Словом, всякое новое, только что народившееся, еще слабое, но чувствующее себя на подъеме, чтобы не погибнуть, не сломаться внутренне, чтобы опознавать в хаосе чуждого мира немногочисленных своих, становилось избранным народом. Это давало силы. Позволяло выстоять. Открывало новорожденным маргиналам реальный путь к развитию и будущему могуществу. Давало право не сокрушенно, но гордо противопоставить себя большинству и прибегать в борьбе с ним к любым, даже самым бесчестным средствам — понятие чести или справедливости для избранного народа лишь звук пустой, ибо перед собой он всегда честен, а остальные не в счет.
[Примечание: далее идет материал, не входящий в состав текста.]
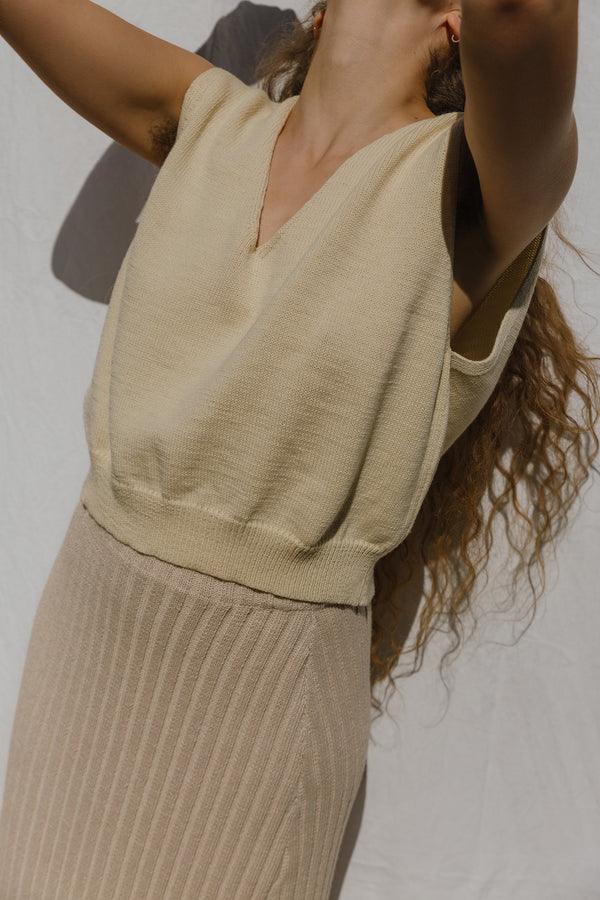 UNO vest / highland wool / milk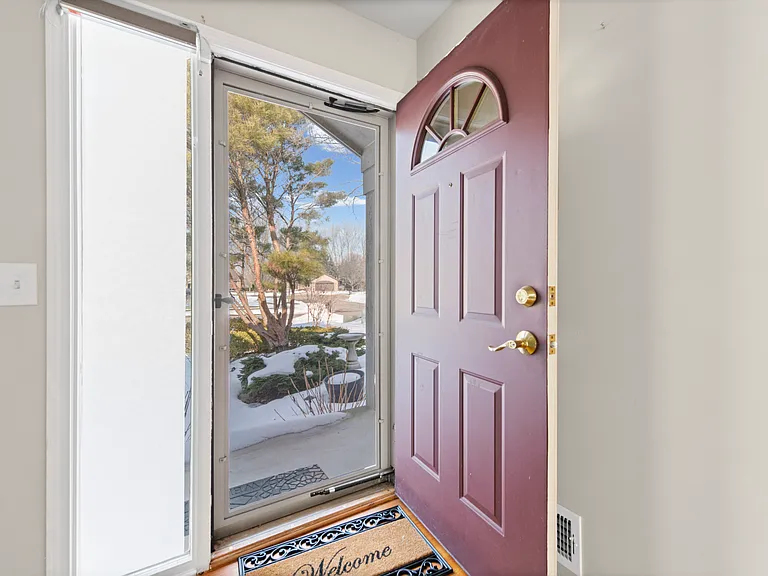 20450 Naves Dr — Photo 25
По примеру Давида: вместо заявленного честного единоборства без предупреждения засветить булдыганом с безопасной дистанции — и вот вам искомая победа, вот вам повод для гордости на тысячи лет. Программа СОИ ветхозаветных времен.
Увы, нацисты — тоже полагали арийцев избранным народом. И большевики явно ощущали себя им. Так что эта идея передавалась в Европе из поколения в поколение не только как переходящее знамя, но и как… м-м… что-то вроде семейного сифилиса.
Очень показательно, что в нехристианских регионах мира не было религиозных войн — войн за истину внутри одной религии. И социальный прогресс не знал ни скачков, ни взрывов, всегда обусловленных тем, что вдруг откуда ни возьмись вылупляется осененное новой идеей меньшинство (лютеране, кальвинисты, энциклопедисты, якобинцы, технократы, ленинцы — несть им числа) и начинает все кроить под себя. И наука, поначалу потешная возня презираемых чудаков со склянками, а потом вдруг гипнотически могущественная каста грозных проливателей огня и серы на любые Хиросимы, не стала на Востоке самостоятельной силой, определяющей облик грядущего. И не было жутких попыток построить тотальное светлое будущее на строго научных, абсолютно рациональных основах, порывающих с вековым мракобесием. То на классовых основах, то на расовых, то на рыночных. И еще много чего не было. Думается, Европа смогла то, чего не смогли иные цивилизации (впрочем, у них были свои достижения, и как оценивать уникальный вклад Европы в мировую копилку — вопрос отдельный) в значительной степени всего-то лишь потому, что у всех ее слабых и гонимых, и у всех, кто ощущал себя таковыми, всегда была на вооружении исполненная трагизма, пафоса и неукротимой внутренней силы роль избранного народа.
Америку тоже создавал избранный народ. Именно избранными чувствовали себя гонимые пуритане, гугеноты и прочие неугодные старой Европе группы. С течением времени ситуация в Новом Свете нормализовалась, всем сестрам было роздано по серьгам, и немногочисленный избранный народ туда приехавших стал просто великим народом там живущих.
И вдруг с девяностых годов прошлого века и по сей день — как с цепи сорвались: избранный народ! Сверкающий город на холме! Бог уполномочил нас!
Вспомнили. И ведь легло на хорошо унавоженную почву — историческая память не слишком-то слабеет за пять-семь поколений. Тем более, что совсем-то уж дух избранничества у них и не выветривался никогда.
Величайшая держава мира, после распада СССР и вовсе оставшаяся не то что вне конкуренции, но даже вне досягаемости, с самой сильной армией, самой сильной наукой, самой сильной экономикой вдруг старательно натянула личину гонимого, находящегося во вражеском окружении богоспасаемого меньшинства.
Конечно, это управление историей, причем механизм — на поверхности; на американском примере просто-таки школяров натаскивать, как рулить упрощенным историческим каноном. Конечно, такое управление заточено под одну-единственную задачу: достижение мирового господства. Конечно, эта задача абсолютно иллюзорна, неадекватна, противоречит всем объективным историческим процессам в мире.